Beethoven dedicated the Fifth Symphony to two of his patrons, Prince Franz Joseph von Lobkowitz and Count Razumovsky. The dedication appeared in the first printed edition of April 1809.

Reception and influence 
There was little critical response to the premiere performance, which took place under adverse conditions. The orchestra did not play well—with only one rehearsal before the concert—and at one point, following a mistake by one of the performers in the Choral Fantasy, Beethoven had to stop the music and start again. The auditorium was extremely cold and the audience was exhausted by the length of the programme. However, a year and a half later, publication of the score resulted in a rapturous unsigned review (actually by music critic E. T. A. Hoffmann) in the Allgemeine musikalische Zeitung. He described the music with dramatic imagery:

Radiant beams shoot through this region's deep night, and we become aware of gigantic shadows which, rocking back and forth, close in on us and destroy everything within us except the pain of endless longing—a longing in which every pleasure that rose up in jubilant tones sinks and succumbs, and only through this pain, which, while consuming but not destroying love, hope, and joy, tries to burst our breasts with full-voiced harmonies of all the passions, we live on and are captivated beholders of the spirits.

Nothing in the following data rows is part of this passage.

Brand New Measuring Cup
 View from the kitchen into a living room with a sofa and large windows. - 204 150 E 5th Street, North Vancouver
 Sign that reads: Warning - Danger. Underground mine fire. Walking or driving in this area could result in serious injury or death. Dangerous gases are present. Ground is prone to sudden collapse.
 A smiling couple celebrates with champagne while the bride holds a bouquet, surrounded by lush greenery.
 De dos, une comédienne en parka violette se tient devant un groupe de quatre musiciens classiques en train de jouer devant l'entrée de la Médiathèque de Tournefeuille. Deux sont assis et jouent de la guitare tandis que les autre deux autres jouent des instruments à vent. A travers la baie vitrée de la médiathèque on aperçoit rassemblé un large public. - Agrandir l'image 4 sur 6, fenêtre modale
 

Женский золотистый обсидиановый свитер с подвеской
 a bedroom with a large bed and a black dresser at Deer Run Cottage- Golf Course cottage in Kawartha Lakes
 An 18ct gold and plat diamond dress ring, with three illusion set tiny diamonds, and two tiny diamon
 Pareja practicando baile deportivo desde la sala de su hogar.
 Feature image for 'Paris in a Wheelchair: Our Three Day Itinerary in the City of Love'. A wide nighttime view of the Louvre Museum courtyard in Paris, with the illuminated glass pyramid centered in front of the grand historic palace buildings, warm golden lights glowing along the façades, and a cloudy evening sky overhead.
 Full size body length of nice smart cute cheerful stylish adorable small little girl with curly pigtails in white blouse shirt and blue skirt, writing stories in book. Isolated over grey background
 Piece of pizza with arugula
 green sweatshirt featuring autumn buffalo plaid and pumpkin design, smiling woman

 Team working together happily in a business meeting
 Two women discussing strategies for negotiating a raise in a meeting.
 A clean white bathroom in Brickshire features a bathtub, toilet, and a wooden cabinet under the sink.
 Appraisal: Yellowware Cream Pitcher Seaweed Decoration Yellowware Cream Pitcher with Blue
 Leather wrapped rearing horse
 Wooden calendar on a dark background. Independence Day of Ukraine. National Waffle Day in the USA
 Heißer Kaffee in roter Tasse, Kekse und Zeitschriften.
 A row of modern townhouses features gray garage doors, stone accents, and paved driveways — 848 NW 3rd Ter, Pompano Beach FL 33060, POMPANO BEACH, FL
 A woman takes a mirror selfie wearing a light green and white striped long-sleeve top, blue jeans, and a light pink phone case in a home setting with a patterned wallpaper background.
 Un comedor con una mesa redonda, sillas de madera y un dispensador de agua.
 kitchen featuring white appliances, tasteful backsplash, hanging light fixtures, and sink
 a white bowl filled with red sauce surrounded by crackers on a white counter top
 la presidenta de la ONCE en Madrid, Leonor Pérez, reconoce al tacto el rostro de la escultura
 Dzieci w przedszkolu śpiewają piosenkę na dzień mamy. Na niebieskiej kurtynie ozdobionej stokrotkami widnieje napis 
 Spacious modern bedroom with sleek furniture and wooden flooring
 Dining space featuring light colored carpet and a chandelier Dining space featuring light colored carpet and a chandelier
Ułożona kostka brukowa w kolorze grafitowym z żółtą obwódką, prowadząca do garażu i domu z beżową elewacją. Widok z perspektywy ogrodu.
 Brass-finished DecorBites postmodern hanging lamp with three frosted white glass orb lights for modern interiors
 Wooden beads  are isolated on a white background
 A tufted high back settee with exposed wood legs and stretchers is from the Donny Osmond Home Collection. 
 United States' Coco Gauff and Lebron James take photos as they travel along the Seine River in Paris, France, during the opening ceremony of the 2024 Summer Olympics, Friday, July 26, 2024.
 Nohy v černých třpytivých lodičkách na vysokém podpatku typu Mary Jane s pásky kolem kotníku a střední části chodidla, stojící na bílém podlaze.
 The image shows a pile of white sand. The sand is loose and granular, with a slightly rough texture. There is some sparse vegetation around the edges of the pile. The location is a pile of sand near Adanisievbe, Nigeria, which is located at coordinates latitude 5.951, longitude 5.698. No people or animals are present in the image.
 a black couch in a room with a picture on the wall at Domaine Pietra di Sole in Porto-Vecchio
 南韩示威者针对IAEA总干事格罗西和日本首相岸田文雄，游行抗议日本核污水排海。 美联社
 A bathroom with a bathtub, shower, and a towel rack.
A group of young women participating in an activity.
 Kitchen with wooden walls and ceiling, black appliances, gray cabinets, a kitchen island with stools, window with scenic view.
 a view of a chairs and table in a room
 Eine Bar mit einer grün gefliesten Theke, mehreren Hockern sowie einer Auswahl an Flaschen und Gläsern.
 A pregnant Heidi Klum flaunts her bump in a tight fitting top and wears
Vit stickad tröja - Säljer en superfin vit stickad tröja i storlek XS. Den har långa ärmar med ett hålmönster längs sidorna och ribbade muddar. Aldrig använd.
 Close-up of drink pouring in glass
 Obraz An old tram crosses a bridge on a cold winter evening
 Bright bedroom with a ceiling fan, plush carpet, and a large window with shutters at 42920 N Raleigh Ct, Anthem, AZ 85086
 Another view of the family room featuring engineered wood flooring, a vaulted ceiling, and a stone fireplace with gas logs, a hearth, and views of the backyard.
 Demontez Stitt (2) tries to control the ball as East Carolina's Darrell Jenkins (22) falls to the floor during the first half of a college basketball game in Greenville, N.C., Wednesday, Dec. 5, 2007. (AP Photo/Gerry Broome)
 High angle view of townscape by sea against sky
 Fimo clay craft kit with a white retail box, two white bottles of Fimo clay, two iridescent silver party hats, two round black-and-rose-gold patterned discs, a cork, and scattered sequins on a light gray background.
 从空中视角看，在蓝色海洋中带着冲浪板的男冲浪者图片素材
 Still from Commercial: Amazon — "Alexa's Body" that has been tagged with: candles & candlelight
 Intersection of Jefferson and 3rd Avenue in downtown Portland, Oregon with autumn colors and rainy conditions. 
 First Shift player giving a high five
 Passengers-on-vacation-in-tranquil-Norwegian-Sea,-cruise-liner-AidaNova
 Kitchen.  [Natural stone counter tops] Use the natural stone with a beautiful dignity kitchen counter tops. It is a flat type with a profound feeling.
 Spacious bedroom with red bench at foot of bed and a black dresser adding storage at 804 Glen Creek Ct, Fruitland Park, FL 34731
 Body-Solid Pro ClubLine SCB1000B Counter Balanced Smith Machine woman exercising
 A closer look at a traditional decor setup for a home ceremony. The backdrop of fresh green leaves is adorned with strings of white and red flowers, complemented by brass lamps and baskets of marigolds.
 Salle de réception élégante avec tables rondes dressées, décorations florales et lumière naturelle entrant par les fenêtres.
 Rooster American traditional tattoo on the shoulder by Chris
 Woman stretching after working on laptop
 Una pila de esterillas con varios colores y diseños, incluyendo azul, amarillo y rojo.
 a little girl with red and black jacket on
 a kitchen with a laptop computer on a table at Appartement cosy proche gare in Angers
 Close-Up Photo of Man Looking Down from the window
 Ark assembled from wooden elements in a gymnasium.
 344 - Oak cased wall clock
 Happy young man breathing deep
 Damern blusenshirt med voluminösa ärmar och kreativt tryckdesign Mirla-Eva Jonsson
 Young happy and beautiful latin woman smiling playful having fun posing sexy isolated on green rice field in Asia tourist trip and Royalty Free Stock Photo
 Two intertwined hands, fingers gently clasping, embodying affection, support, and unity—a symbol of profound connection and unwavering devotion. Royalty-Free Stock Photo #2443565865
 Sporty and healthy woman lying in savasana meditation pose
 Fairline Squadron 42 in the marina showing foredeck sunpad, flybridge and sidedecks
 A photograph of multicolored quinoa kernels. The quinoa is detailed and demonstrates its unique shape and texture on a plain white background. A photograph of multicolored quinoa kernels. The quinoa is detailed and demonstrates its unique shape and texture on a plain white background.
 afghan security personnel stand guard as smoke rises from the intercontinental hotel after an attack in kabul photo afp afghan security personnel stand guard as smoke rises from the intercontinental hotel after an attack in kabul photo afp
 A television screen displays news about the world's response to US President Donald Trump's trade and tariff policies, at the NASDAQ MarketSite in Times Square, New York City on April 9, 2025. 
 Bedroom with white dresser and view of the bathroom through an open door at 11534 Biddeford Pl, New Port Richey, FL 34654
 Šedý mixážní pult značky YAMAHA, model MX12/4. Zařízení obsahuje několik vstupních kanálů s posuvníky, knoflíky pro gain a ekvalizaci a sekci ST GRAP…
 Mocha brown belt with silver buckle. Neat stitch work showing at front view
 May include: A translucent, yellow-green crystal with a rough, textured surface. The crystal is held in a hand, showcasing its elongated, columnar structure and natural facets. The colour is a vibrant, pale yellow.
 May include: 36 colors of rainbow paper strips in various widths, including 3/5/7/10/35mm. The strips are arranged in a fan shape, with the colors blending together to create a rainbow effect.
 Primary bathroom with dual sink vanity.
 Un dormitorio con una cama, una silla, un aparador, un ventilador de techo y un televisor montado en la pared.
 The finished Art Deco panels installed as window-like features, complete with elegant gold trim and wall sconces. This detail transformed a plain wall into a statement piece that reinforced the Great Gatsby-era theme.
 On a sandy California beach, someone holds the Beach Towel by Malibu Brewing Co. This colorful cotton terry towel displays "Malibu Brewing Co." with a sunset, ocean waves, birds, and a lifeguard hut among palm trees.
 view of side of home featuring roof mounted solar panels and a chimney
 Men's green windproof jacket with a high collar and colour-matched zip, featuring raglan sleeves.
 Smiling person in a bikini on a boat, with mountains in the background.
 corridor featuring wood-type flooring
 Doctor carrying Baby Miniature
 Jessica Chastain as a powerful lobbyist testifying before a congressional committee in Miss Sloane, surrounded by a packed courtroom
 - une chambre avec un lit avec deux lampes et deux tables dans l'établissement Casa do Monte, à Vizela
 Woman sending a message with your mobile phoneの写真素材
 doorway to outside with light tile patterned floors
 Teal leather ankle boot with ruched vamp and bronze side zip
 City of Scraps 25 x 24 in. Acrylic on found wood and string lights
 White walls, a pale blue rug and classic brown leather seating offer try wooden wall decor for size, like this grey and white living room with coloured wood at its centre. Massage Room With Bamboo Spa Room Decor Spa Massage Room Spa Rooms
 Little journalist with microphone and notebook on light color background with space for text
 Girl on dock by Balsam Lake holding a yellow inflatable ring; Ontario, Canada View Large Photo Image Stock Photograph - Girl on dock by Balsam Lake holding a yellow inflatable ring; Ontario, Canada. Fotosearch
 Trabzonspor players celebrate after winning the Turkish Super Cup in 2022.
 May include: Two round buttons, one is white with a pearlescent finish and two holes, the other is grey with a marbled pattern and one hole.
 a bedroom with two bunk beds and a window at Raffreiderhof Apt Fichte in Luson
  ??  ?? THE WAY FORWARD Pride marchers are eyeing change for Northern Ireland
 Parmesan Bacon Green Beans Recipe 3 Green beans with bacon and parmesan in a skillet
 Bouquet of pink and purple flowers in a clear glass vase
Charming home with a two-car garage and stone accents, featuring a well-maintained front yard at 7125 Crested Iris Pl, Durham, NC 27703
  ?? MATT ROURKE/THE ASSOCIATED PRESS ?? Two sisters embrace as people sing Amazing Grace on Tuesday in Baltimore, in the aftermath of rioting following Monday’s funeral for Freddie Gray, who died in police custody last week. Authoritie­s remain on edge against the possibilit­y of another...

Apart from the extravagant praise, Hoffmann devoted by far the largest part of his review to a detailed analysis of the symphony, in order to show his readers the devices Beethoven used to arouse particular affects in the listener. In an essay titled "Beethoven's Instrumental Music", compiled from this 1810 review and another one from 1813 on the op. 70 string trios, published in three installments in December 1813, E.T.A. Hoffmann further praised the "indescribably profound, magnificent symphony in C minor":
S
How this wonderful composition, in a climax that climbs on and on, leads the listener imperiously forward into the spirit world of the infinite!... No doubt the whole rushes like an ingenious rhapsody past many a man, but the soul of each thoughtful listener is assuredly stirred, deeply and intimately, by a feeling that is none other than that unutterable portentous longing, and until the final chord—indeed, even in the moments that follow it—he will be powerless to step out of that wondrous spirit realm where grief and joy embrace him in the form of sound....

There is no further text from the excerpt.